The Bubble Chamber photographs will be scanned by a Hough-Powell device which will be connected on-line to Atlas. The attachment will be via the V-store in the same way as a conventional slow peripheral device.
Each event in the Bubble Chamber is recorded on three separate photographs (or views) so that a three dimensional geometrical reconstruction of the event can be obtained. Only one film can be scanned by the HPD at a time, and collation of the separate views must therefore be achieved in the computer.
The HPD can be operated at a slow speed with a scan time of approximately 7.5 ms. or at high speed with a scan time of approximately 2ms. Both speeds would be acceptable to Atlas. The slow HPD will allow part of the filtering programme to reside normally on the drums, whereas the fast HPD will probably require part of the filtering programme to be kept permanently in the core store. This fact must be borne in mind when comparing storage requirements.
Against this, the total storage requirement would be approximately 6,000 words in each case and must be occupied throughout the time the HPD is attached to Atlas. This period is approximately three times as long when the slow HPD is used.
The period for which magnetic tape units must be reserved is similarly increased.
It has also been suggested that it would be possible to produce a rough filtering by means of a gate which uses an Atlas half word as a mask. This would mean that two thirds of the data was discarded even before it reached the HPD buffer.

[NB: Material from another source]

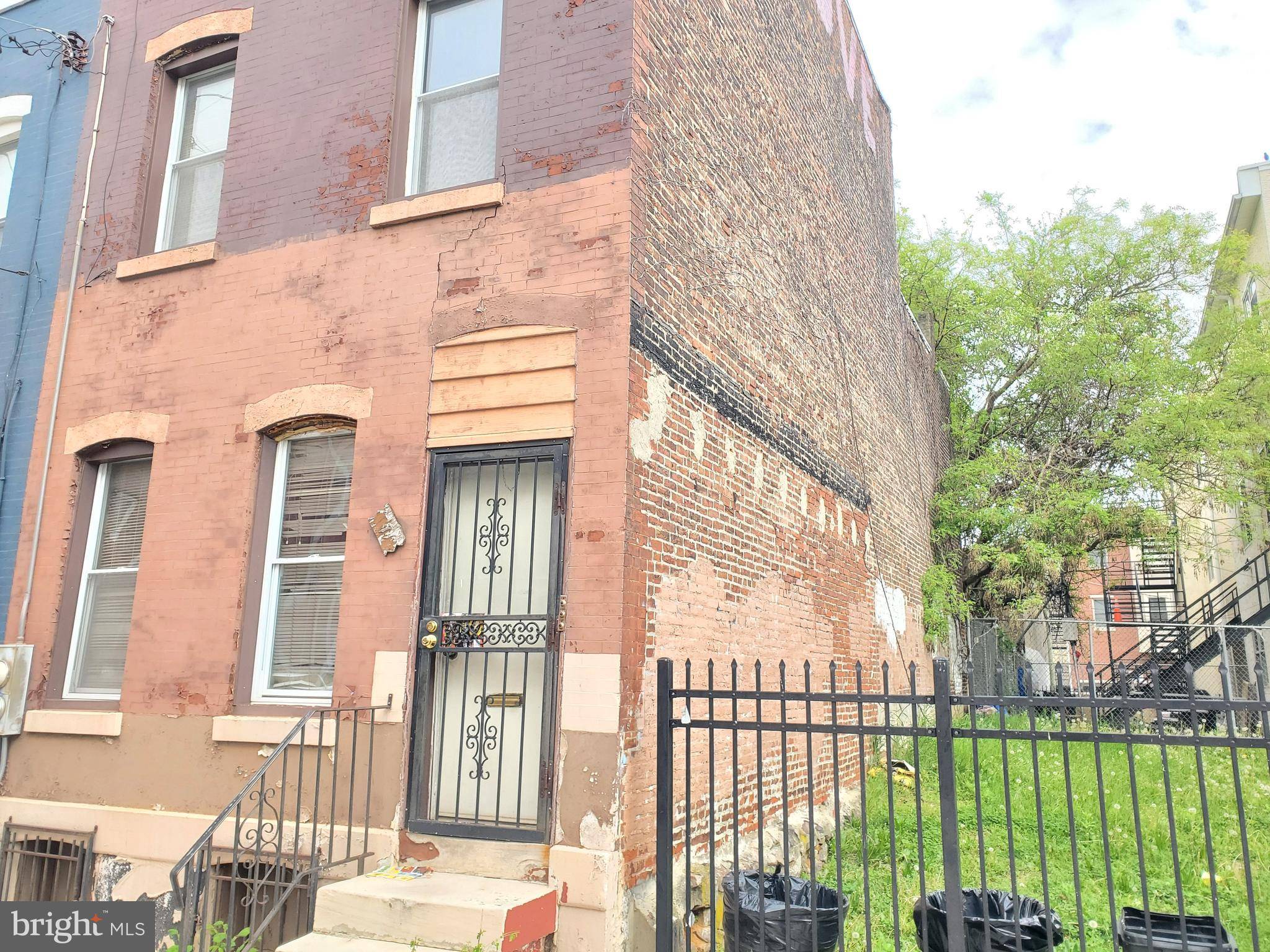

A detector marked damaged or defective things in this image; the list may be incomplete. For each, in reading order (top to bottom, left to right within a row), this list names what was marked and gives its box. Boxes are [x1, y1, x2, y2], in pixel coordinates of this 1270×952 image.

damaged stucco patch [627, 371, 670, 464]
damaged stucco patch [868, 578, 909, 654]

The operations which have to be carried out on data produced from the HPD are:-
- Input to the computer via a 128 word buffer.
- Final Gating and Filtering. Filtering is necessary to obtain the best tracks from the recorded points on the photographs.
- A geometrical three dimensional reconstruction of the events.
- Analysis of the kinematics of the event and hypothesis testing.
- Output to a line printer and library magnetic tape.
2. Input and Gating
The HPD scans the photographs producing an average of 30 digitizings per line of scan. These digitizings are fed into a 128 word buffer, which is part of the HPD itself. Where external gating is used, only those digitizings which pass through the gate will be stored in the buffer. The buffer can be considered as divided into two 64 word blocks. When one block is full, output from the HPD is fed into the other block, and the full block is emptied into Atlas.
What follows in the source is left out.